#### THE TASK
Your reply should be an exact copy of every entry, with the pictures removed.

#### EXCERPTED RECORDS
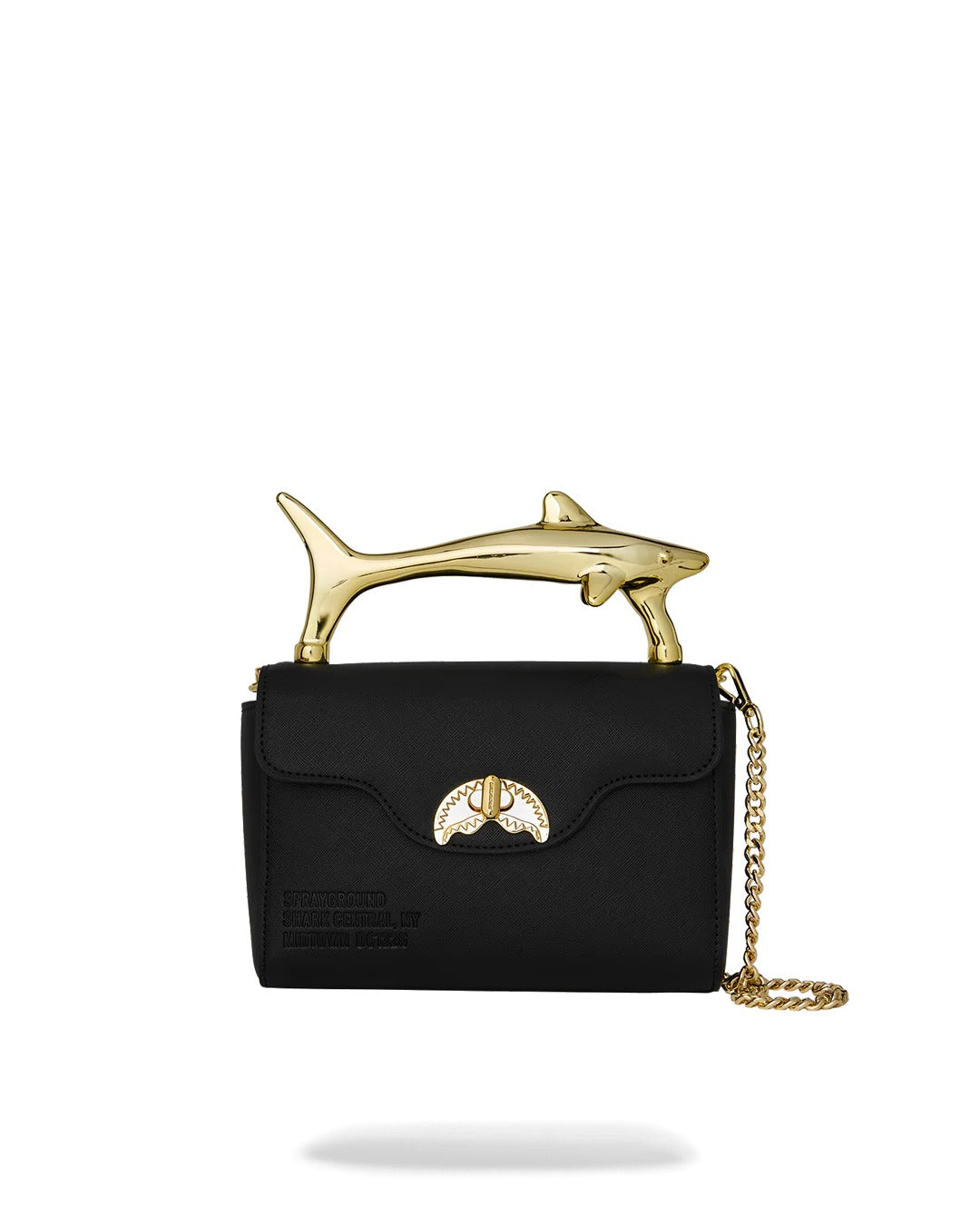 BLACKED OUT EMBOSSED GOLD SHARK HANDBAG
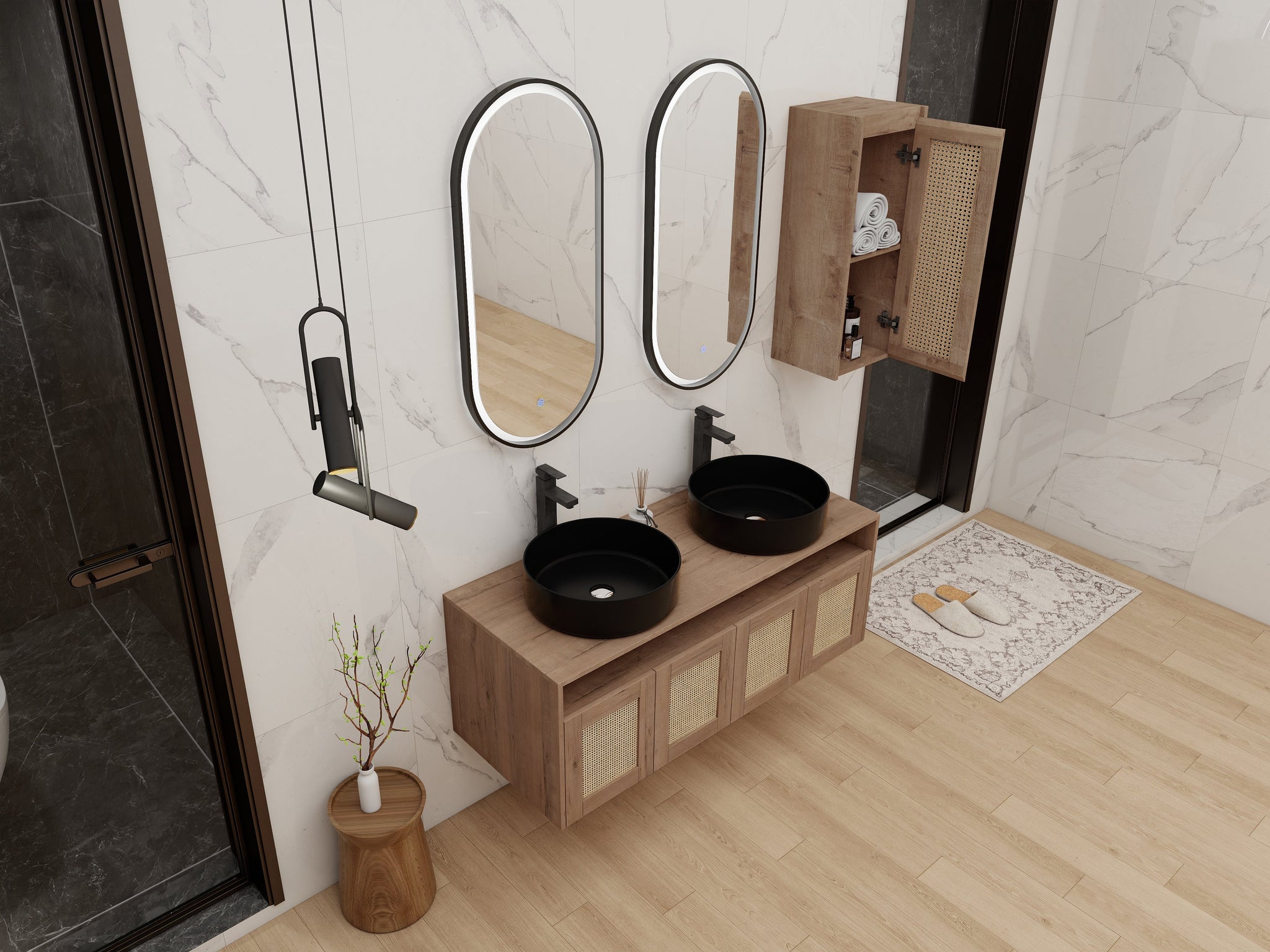 48" Bathroom Vanity with Ceramic Art Sink and Side Cabinet by HouseOfZazla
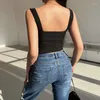 Serbatoi da donna Y2K vestiti streetwear Black Crop Top E-Girls Sexy Wide String Wams Cancella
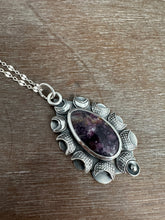 Load image into Gallery viewer, Lepidolite in Tourmaline Moon Pendant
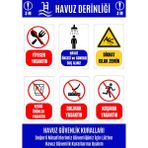 35 x 50 Havuz Güvenlik Kuralları Uyarı Levhası 3 mm Dekota ( Forex ) Üzerine Folyo Baskı - 3 Metre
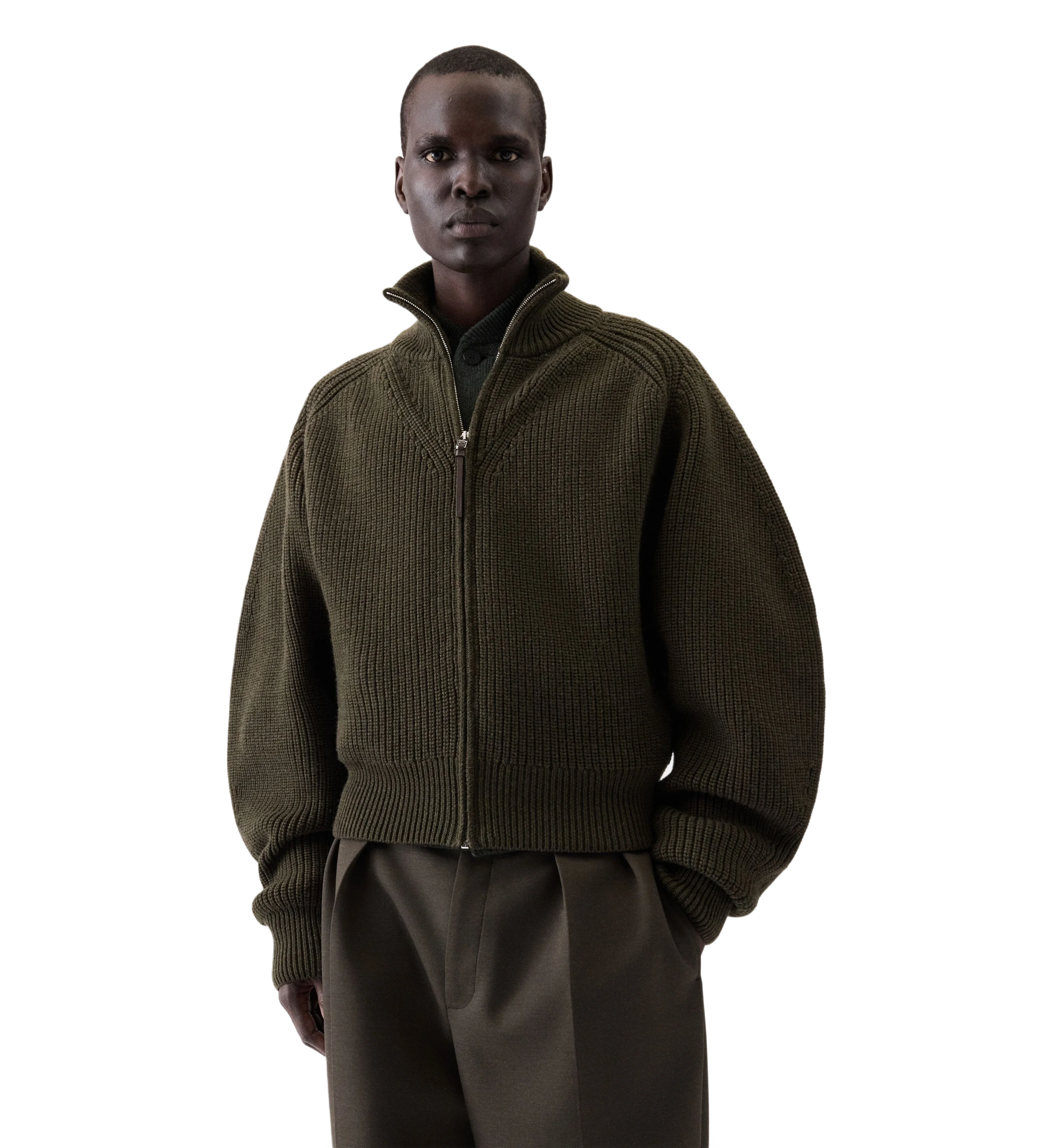 JACQUEMUS 메리노 지퍼 가디건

#### ANSWER SPACE
 BLACKED OUT EMBOSSED GOLD SHARK HANDBAG
 48" Bathroom Vanity with Ceramic Art Sink and Side Cabinet by HouseOfZazla
 Serbatoi da donna Y2K vestiti streetwear Black Crop Top E-Girls Sexy Wide String Wams Cancella
 Load image into Gallery viewer, Lepidolite in Tourmaline Moon Pendant
 35 x 50 Havuz Güvenlik Kuralları Uyarı Levhası 3 mm Dekota ( Forex ) Üzerine Folyo Baskı - 3 Metre
 JACQUEMUS 메리노 지퍼 가디건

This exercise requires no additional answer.